* [Task goal] Write out the data exactly, please, and omit the pictures.

* [Given data]
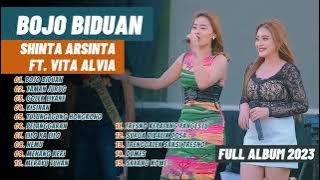 Shinta Arsinta ft Vita Alvia - BOJO BIDUAN - TAMAN JURUG - ANEKA SAFARI | FULL ALBUM 2023
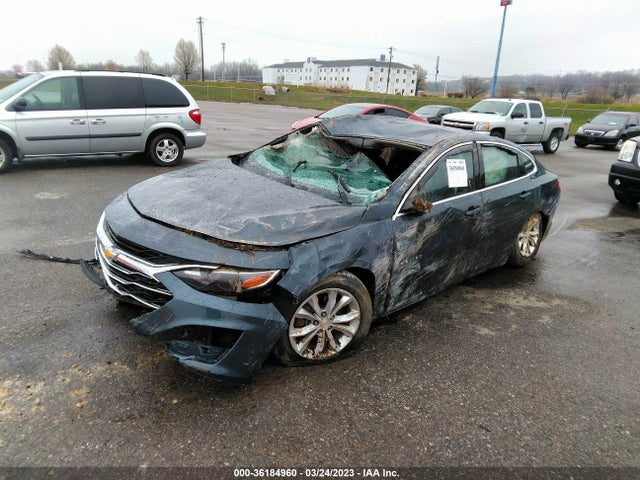 Chevrolet MALIBU LT 2019 1G1ZD5ST2KF187346 Image 2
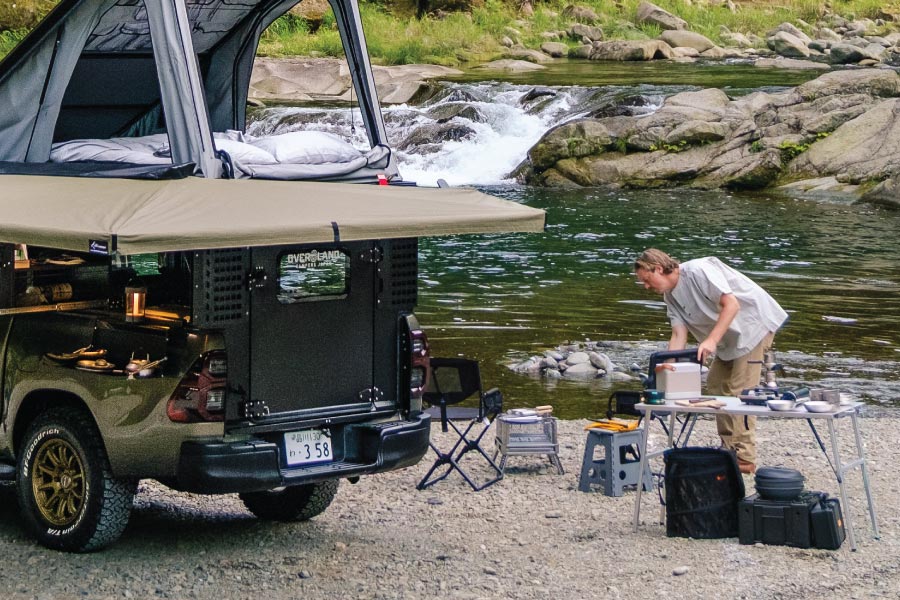 Adventure, fire & extras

* [Finished exercise]
 Shinta Arsinta ft Vita Alvia - BOJO BIDUAN - TAMAN JURUG - ANEKA SAFARI | FULL ALBUM 2023
 Chevrolet MALIBU LT 2019 1G1ZD5ST2KF187346 Image 2
 Adventure, fire & extras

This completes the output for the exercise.